Cela est dû à ce que, au début des missions en Asie la méthode d’évangélisation constituait en une catéchèse similaire à celle des pays occidentaux, c'est-à-dire un sermon sur la Trinité. Mais cette approche abstraite ne fonctionnait pas particulièrement bien. Les Missionnaires Comboniens  ont eux commencé par les Évangiles, en se concentrant sur la personne de Jésus et Ses paraboles. Par exemple, il est arrivé une fois qu’une dame pleure en écoutant l’Évangile, et lorsqu’on lui demanda pourquoi elle pleurait,  elle répondit qu’elle n’avait jamais vu ou entendu parler d’une telle charité et d’une telle compassion. C’est ce genre de méthodes catéchétiques qui ont répandu la Bonne Nouvelle de Jésus à de nouveaux croyants en Chine.

 

A.C. - : Où se trouve la tête de l’Église chinoise ?

 

D.C - : Tout d’abord il faut insister sur ce que l’Église chinoise est de moins en moins divisée, et que l’utilisation de thermes impliquant la division comme « souterrain » et « officiel » n’améliore pas la situation en suggérant des prises de positions des Chrétiens étrangers. Les deux communautés prient pour le Pape et sont chères à son cœur.

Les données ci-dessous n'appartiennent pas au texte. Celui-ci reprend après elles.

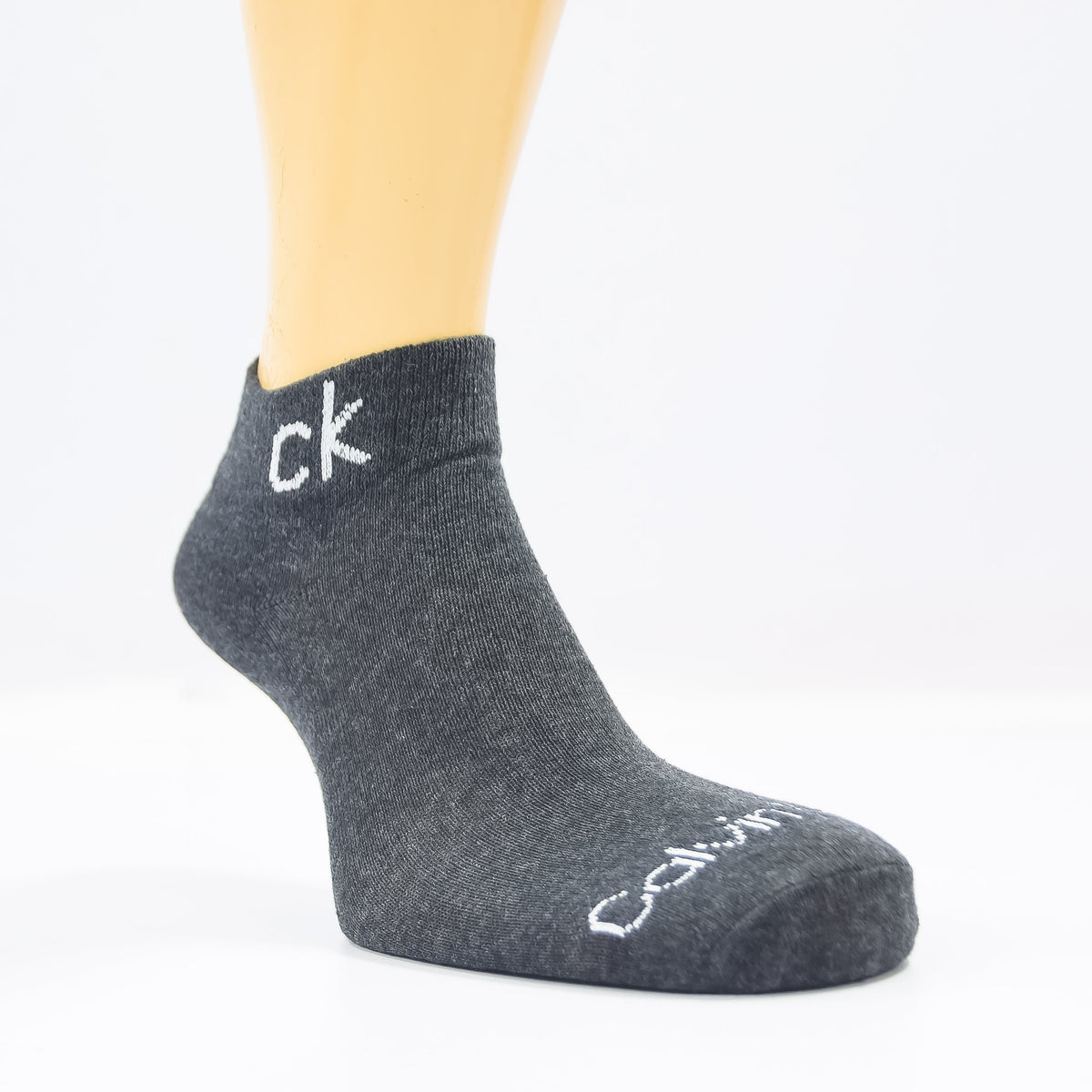 Three pairs of Zoni Stores branded C-K ankle socks in black, neatly folded, showcasing their comfortable ankle-length design.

Cela ne veut pourtant pas dire qu’il n’y a pas de conflit entre l’Association Catholique Patriotique et Rome, au contraire, les tensions sont souvent sérieuses. Cependant la majorité des Évêques chinois sont maintenant reconnus explicitement ou parfois implicitement par le Vatican. Cela n’était pas le cas il y a moins d’une décennie. La reconnaissance par le Vatican d’Évêques officiels n’est pas une trahison des Évêques clandestins qui ont souffert et souffrent encore de terrible persécutions. En effet, les deux communautés cherchent à vivre en le Seigneur dans un cadre difficile, et toutes deux cherchent (avec cependant quelques rares exceptions dans l’Église officielle) à avoir des liens explicites avec Siège de St. Pierre.

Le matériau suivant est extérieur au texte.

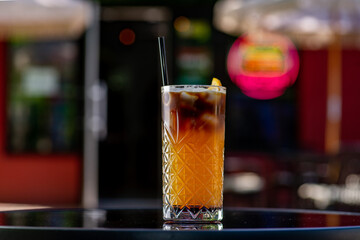 Espresso tonic cocktail in a glass glass with a straw on a table on a summer terrace in a cafe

La mission de l’Église en Chine, au-delà des divisions est de faire connaître Jésus, d’aimer les pauvres et de porter Son message dans un pays qui a désespérément besoin de l’Évangile. Il est temps de cesser de parler de deux Églises en Chine et re reconnaître qu’il n’y a qu’une Église souffrante, aimant le Seigneur et  apportant Son amour dans une nation rongé par la poursuite du succès matériel.